Na sessão realizada a 17 de janeiro, na Central das Artes, Eugénia Pimenta, de Serro Ventoso, pegando numa das conclusões do estudo sobre as “forças e fraquezas” da área protegida, concordou que há uma «falta de sentido de pertença da população e o afastamento da mesma, nomeadamente os jovens». Segundo esta, isso «verifica-se em todas as aldeias e tem sobretudo a ver com as limitações à construção». «É um fator que leva a que as aldeias estejam a envelhecer, a perder gente, mão de obra e a capacidade de preservar aquilo que é tradição», afirmou, defendendo que o anunciado geoparque poderia ser «uma forma de valorizar o património natural» e inverter a situação.
Alcides Oliveira, presidente da Junta de Mira de Aire, afirmou que a ideia dominante sobre o Parque «é negativa, por não se poder fazer isto ou aquilo». Há também «uma falta de informação gritante» e, como «só uma franja é que sabe o que se passa», sugeriu maior aposta na comunicação com as populações.
“Os 75 milhões devem ser gastos no PNSAC”
Avelino Vitória Gomes, morador em Porto de Mós, quis saber «quem é o atual diretor do PNSAC» e se o plano prevê «a reconstrução de edifícios, no planalto da Serra de Santo António, que pertenceram à Igreja». Já o presidente da Junta de Serro Ventoso, Carlos Cordeiro, fez votos para que «os 75 milhões previstos para o plano sejam divididos pelos sete municípios de acordo com a área do seu território que está dentro do PNSAC» e que o investimento seja integralmente realizado na área protegida porque «as pessoas que cá vivem são as que sofrem os constrangimentos».
O autarca deu os parabéns por se tratar do «maior projeto dentro do PNSAC até aos dias de hoje», considerando, contudo, que «está muito virado para a pessoa que nos visita e pouco para aquela que vive cá», o que não será a melhor estratégia tendo em conta «o problema gravíssimo que é a desertificação». «Tivemos uma perda de população entre 10 a 15%, portanto, este plano devia estar mais virado para as pessoas que cá vivem e para aquelas que querem vir para cá» reforçou, defendendo que deve haver apoios à compra e recuperação de casas.
Cristina Rosa, do Juncal, começou por dizer que «estamos a falar do mundo rural, mas nada se ouve de agricultura, que é uma atividade extremamente ligada a esse mundo» e para as pessoas se fixarem é importante terem atividades nas quais possam trabalhar». Concordando com Carlos Cordeiro de que «é um plano mais virado para fora que para dentro», disse que «os turistas vão querer ver pessoas e espaços bem cuidados», por isso é fundamental contrariar o abandono das aldeias. Por último, e tendo em conta as alterações climáticas, nomeadamente o aumento das temperaturas, defendeu «que se comece a pensar na hipótese de investir no sobreiro no PNSAC».

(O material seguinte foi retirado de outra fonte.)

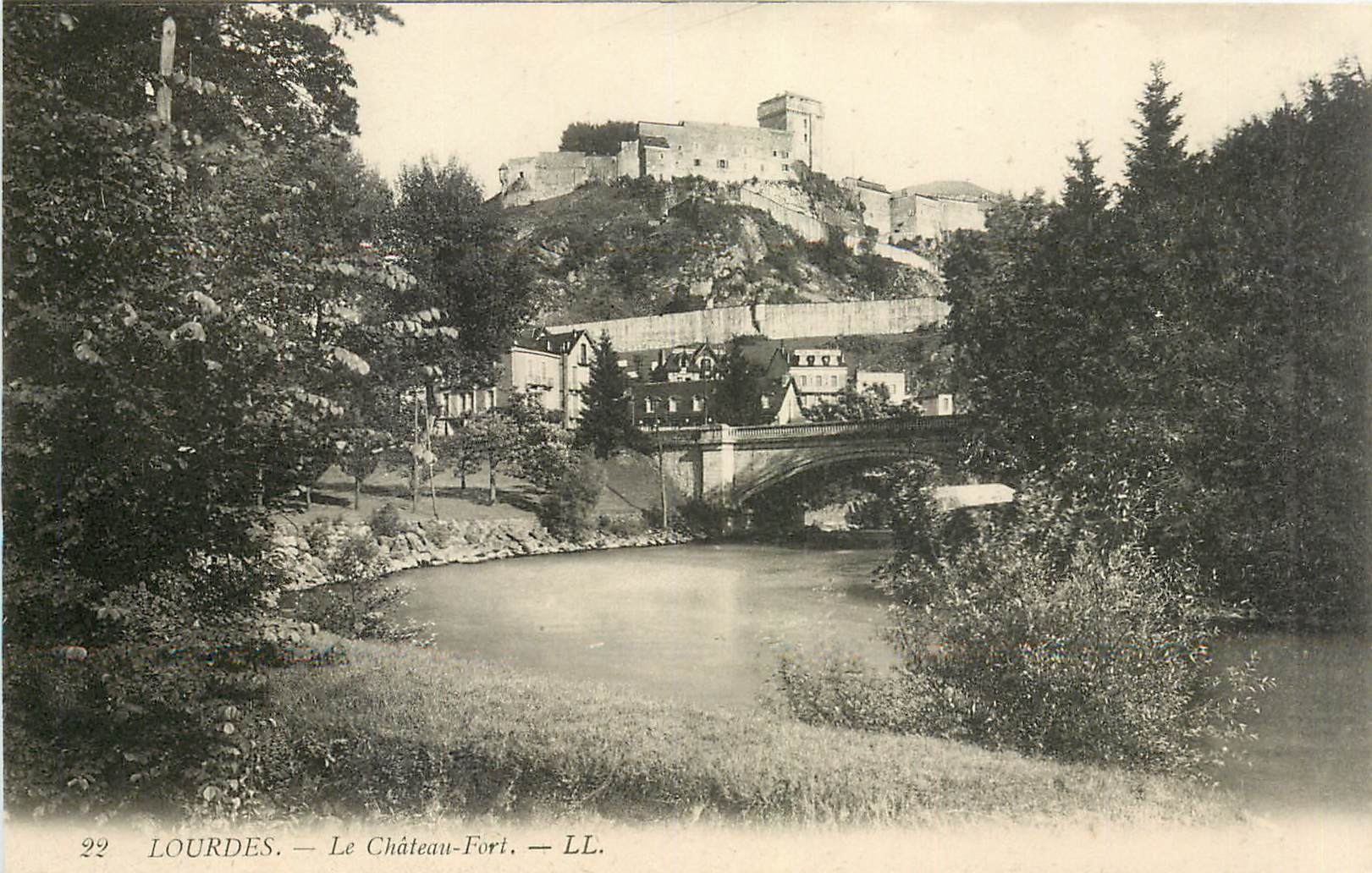 CPA Lourdes Le Chateau Fort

Marcelo Silva, biólogo, também ele a residir no concelho, estranhou «que a conservação da natureza tenha um valor muito reduzido», parecendo que foi «relegada para segundo plano, quando num parque natural é o mais importante». O munícipe vê também com apreensão «tanto investimento no turismo», afirmando que este «devia ser para as pessoas do Parque se sentirem bem, para terem mais atividades que possam aproveitar ou onde investir, não um fim em si mesmo, mas um meio para alcançar um fim».
“É um projeto megalómano”
O presidente da Junta do Alqueidão da Serra, Filipe Baptista, esclareceu que, quando alguns defendem que o plano devia pensar mais nas pessoas que cá moram, «não é por haver medo de quem vem de fora», mas pela vontade de que encontrem «um território humanizado» e para isso é necessário que os moradores «tenham uma atividade sustentável ao longo do ano», por exemplo no artesanato ou no turismo. Apostar «na agricultura, na floresta, na pastorícia, no olival e na apicultura devem ser prioridade e isso passa também por investir em cursos técnicos e superiores nestas áreas», disse.

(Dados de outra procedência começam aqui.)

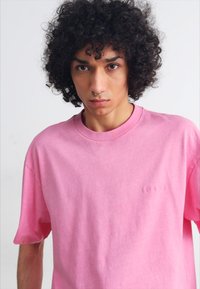 Carhartt WIP DUSTER SCRIPT - Basic T-shirt - charm pink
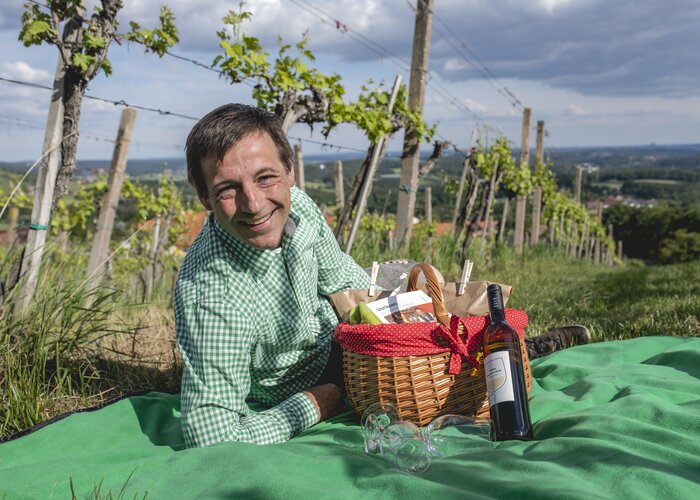 Picnic at the Posch Winery | Rene Strasser | © Oststeiermark Tourismus, Rene Strasser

Para Filipe Baptista, o plano de cogestão «é um projeto megalómano», fazendo votos, contudo, «que seja implementado em grande parte, se não no todo». O autarca lamentou, ainda, a demora nos procedimentos que levam a que se ande «há dois anos para se obter parecer (favorável) para instalação de uma antena de
telecomunicações» ou que seja muito difícil autorização para abertura ou arranjo de caminhos, apesar de ambos serem «fundamentais atualmente».
O autarca fez votos para que se possa, finalmente, legalizar a casa de apoio à Estrada Romana e que as juntas sejam chamadas a dar a sua opinião sobre as ações a realizar no âmbito do plano de cogestão e haja uma distribuição justa e equilibrada das verbas.
“Um milhão só para estudos?”
Hélder Costa, de Alcaria, disse que começa «a ficar desconfiado» quando vê «valores tão elevados» e, neste caso, os 77 milhões previstos fazem-lhe «confusão, por não estar habituado a lidar com números tão altos», e mais confusão os «sete milhões para a recuperação do monumento nacional das pegadas de dinossáurios e um plano de prevenção com dois milhões de euros».
«Se eu tiver uma empresa tenho de ter um plano de prevenção e um monumento nacional está aberto há não sei quantos anos e precisa gastar dois milhões de euros num plano de prevenção?», interrogou-se. «[Em quatro anos] temos 760 mil euros para promover desde trails a tasquinhas. Ok, se quisermos pôr isto a nível europeu ou até mundial se calhar é pouco, mas só as tasquinhas de Porto de Mós são conhecidas no país inteiro e não foi preciso gastar muito dinheiro, bastou ter uma boa estrutura, boa comida e boa pinga», frisou.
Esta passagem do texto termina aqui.